それはかつてバスティーラの王が魔法使いに命を救われたとして、褒美として与えた領地に、いつしか魔法使いが集まってきて出来た、と言われている。故に今も領主はその魔法使いの子孫である魔法使いだし、他の魔法使いは領民なのだという。
「へぇぇ……普通の人間の街に当てはめたら、別におかしいことではないんでしょうけど、街の人がみんな魔法使いや魔女って、何だか不思議な感じですねぇ……」
ミラノアの説明を詳しく聞いて、ラシルがよくわからない感想を漏らすが、リコは小さく溜め息をついた。
「もともと、拝領した土地とはいっても、国の外れの辺鄙な場所だから、それほど価値のある土地ではなかったのよね、本来は」
まだ魔法使いに偏見の多かった時代、恩義を感じつつも国民の反感を買わない程度の褒美を、王が模索した結果なのだろう、と。
「でも、魔女たちにとってはラッキーだった。同族が王様からもらった土地なら堂々と住めるじゃない? そうやって噂が噂を呼び、いつしか魔法使いの街になったと、そういうわけよ」
多種多様な魔法を操る者が集まれば、水は湧き土地は肥え、作物はたわわに実り、辺境にも関わらず大層豊かな土地になった。
「なるほどー」
感心したようにうんうんと頷くラシルに、本当にわかってるのかしらね、と不安になりながらも、まぁいいか、と肩を竦めるリコ。

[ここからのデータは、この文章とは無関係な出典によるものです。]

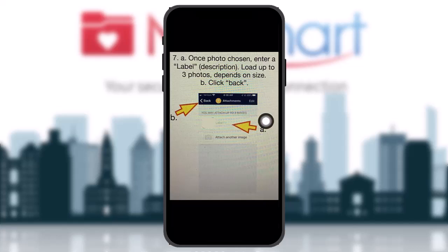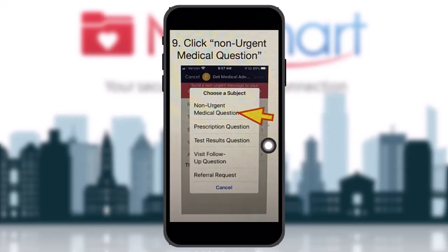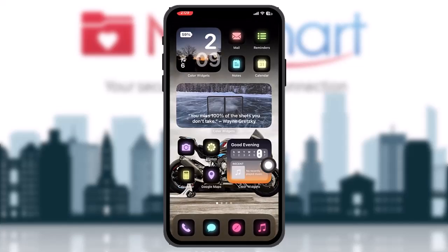Once you've selected your photo, enter a label and you can load up to three photos depending on size. Then click back. After that, enter a message, choose a subject, and click Send. Also select Non-Urgent Medical Question. Once you do all that, your message is sent.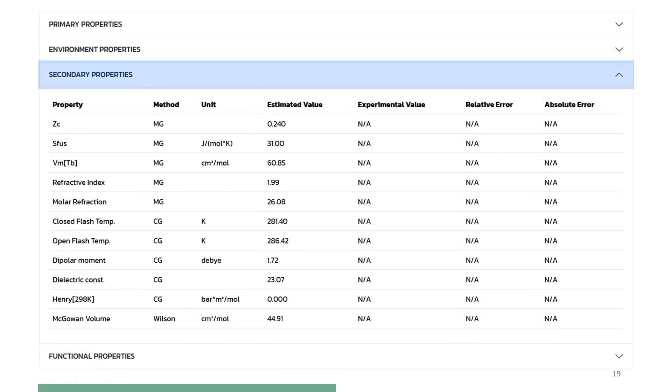This slide shows the secondary properties and compares with measured data, if available. Note that published correlations are used here.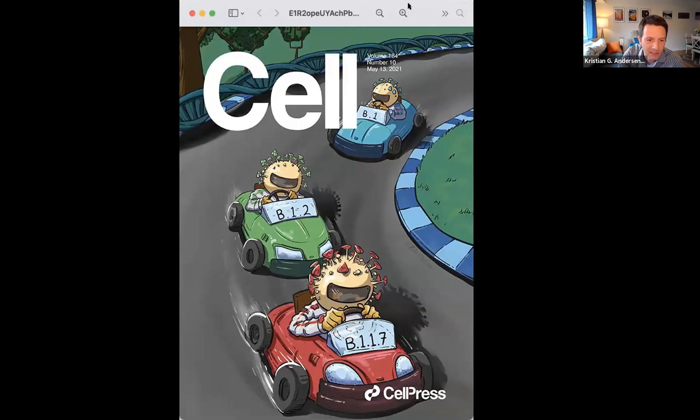Thank everybody for joining this morning, afternoon, or evening. I'm really happy to introduce today's speaker, Kartik Gangarapu, who is the second person that joined my lab and the first graduate student in the lab back in 2015. Kartik is well known by now, both from a scientific output. His paper is in fact on the cover of Cell this morning — a pretty good paper and a cool cover.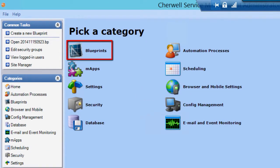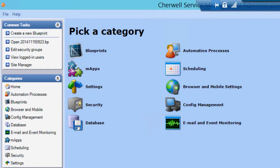Blueprints are special metadata files that are saved to your local computer. These store the changes you make to your system in the Blueprint editor of the Sharewell Administrator tool. Blueprints allow you to make offline changes to your system, which you can later apply to a live system. Blueprints are an easy way to manage incremental changes to various objects in your Sharewell system, and to painlessly transfer those changes between existing systems, like between a development and a test system.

気を取り直したように顔を上げると、協会長に向き直る。
「とりあえず、ミラノアに行ってみますわ。避難してくる魔法使いに話を聞いてもいいけれど、周囲の様子を見てみたいし」
アントニオは、一瞬眉を寄せたが、大きく息を吐いた。
「確かに、現地で見るのは大事だろうな、何か大きな手がかりがあるやもしれん」
しかし、と言を継ぐ。
「その前にな、行ってほしい場所があるんだ。ちょいと頼まれ事をしておってな」
と言って、今度は笑いを含んだような、悪戯な顔になった。
「行ってほしい場所、ですか?」
「左様。おそらく、あまり気は進まんだろうが、儂としても無下に断れる立場じゃなくてな」
今度は申し訳なさそうでもある。一体、どんなところへ行けというのか、リコたち全員が訝しく思っていると、アントニオはきちんと封蝋が施された見るからに高級そうな封筒を差し出した。
「急ぐわけではないそうだが、もし最果ての魔女が現れたら、それどころではなくなるかもしれんからな」
頼むよ、と遂には懇願の体だ。
(あれってもしかして)
ラシルは珍しく勘が働いて嫌な予感がした。はっきり見えたわけではないし見えたところで判別する自信はないのだけれど、封蝋の紋様は、たぶん。
リコも同様に感じたのだろう、いや、リコのことだから紋様はわかっているに違いない。ということは既に差出人が誰か想像できているのだろう。物凄く複雑な表情でゆっくり封を開け、ラシルもメンディスも覗き込むように一緒にじっくり文面を読み。最後に、自筆のサインを見た瞬間、
「げっ…!」
と、三人揃って上品とは言いがたい声が出た。